Terkait pemilihan kepala daerah (Pilkada), Prof Lanang Perbawa menyinggung ketentuan dalam Pasal 18 ayat (4) UUD 1945 yang menyatakan ‘Gubernur, Bupati, walikota masing masing sebagai kepala pemerintahan daerah provinsi, kabupaten dan kota dipilih scara demokratis.’ Menurutnya, pasal tersebut masih bersifat open legal policy, sehingga dapat diintepretasikan dalam dua cara, yakni pemilihan langsung oleh rakyat atau melalui DPRD. Isu ini kerap menjadi perdebatan panjang di tingkat kebijakan dan berpotensi menimbulkan sengketa di Mahkamah Konstitusi (MK).

Lebih lanjut juga, Mahkamah Konstitusi melalui Putusan Nomor 147/PUU-VII/2009 telah memperbolehkan penggunaan e-voting, asalkan memenuhi sejumlah syarat, seperti tetap menjaga asas langsung, umum, bebas, rahasia, jujur, dan adil (luber-jurdil). "Yang menjadi persoalan inti adalah security (keamanan) siber, itu yang menjadi persoalan. Bila negara mampu menciptakan ini, saya rasa kemungkinan pemilu akan menjadi lebih murah, lebih praktis, dan masyarakat lebih bergembira, tidak harus ditekan, tidak harus datang ke TPS, tapi di mana pun dia bisa memilih dengan cara melalui internet," jelas kademisi kelahiran Singaraja 11 Juli 1974 ini.

Prof Lanang Perbawa menekankan seiring dengan perkembangan teknologi dalam era Society 5.0, digitalisasi dalam pemilu menjadi keniscayaan. Negara-negara seperti India, Brasil, dan Estonia telah menerapkan sistem e-voting dengan berbagai model. Jika Indonesia ingin mengadopsi sistem serupa, maka kesiapan teknologi, infrastruktur, sumber daya manusia, serta keamanan siber harus menjadi prioritas.

“Apakah mungkin e-voting ini ke depan bisa direalisasikan di Indonesia? Saya pikir mungkin, karena dengan masyarakat generasi muda yang menginginkan digitalisasi dan peralatan-peralatan itu sudah sangat canggih di Indonesia, tinggal bagaimana negara mengguide, membuat cyber security itu," kata Ketua KPU Provinsi Bali periode 2008-2013 ini.
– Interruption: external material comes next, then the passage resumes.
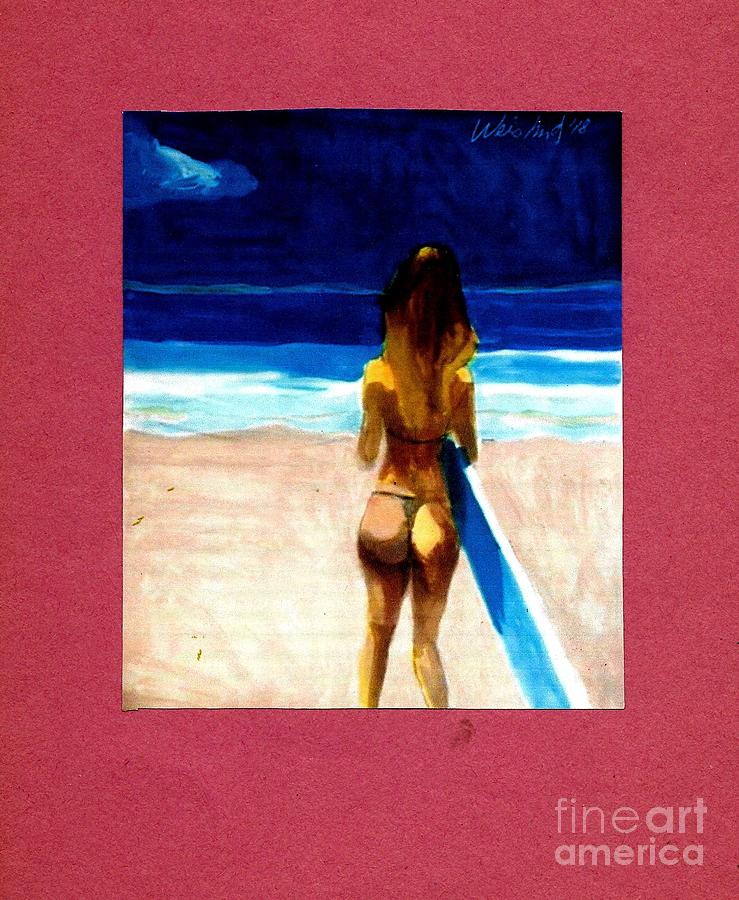 Surfer Girl Painting By Harry WEISBURD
Menurutnya, digitalisasi dalam pemilu dapat memberikan berbagai manfaat, seperti efisiensi biaya dan waktu, meningkatkan partisipasi pemilih, serta meminimalkan kesalahan manusia dalam penghitungan suara. Namun, tantangan utama seperti serangan siber, perlindungan data pemilih, dan potensi kecurangan digital juga harus diantisipasi dengan sistem keamanan yang kuat.

“Itu sudah kita lakukan misalnya di sistem perbankan, uang kita aman. Meskipun ada kemungkinan risiko seperti fraud, mungkin 10 persen ke bawah atau 5 persen ke bawah, saya pikir itu suatu yang lumrah. Tapi secara keseluruhan kan itu aman, nah mudah-mudahan cyber security di dunia digital finance bisa juga berlaku di dunia Pemilu yang kemungkinan ke depan masyarakat, anak-anak muda sangat menginginkan dan mendambakan itu,” tandasnya

Ia mencontohkan negara-negara seperti Belgia dan Belanda telah menggunakan sistem ‘smart card’ dan ‘touch-screen computer’ dalam pemilu mereka. Menurut berbagai penelitian, aspek akurasi dan kecepatan menjadi pertimbangan utama dalam penerapan e-voting. Dengan karakteristik Indonesia sebagai negara kepulauan, sistem ini dinilai dapat menghemat waktu dan biaya dibandingkan pemilu konvensional.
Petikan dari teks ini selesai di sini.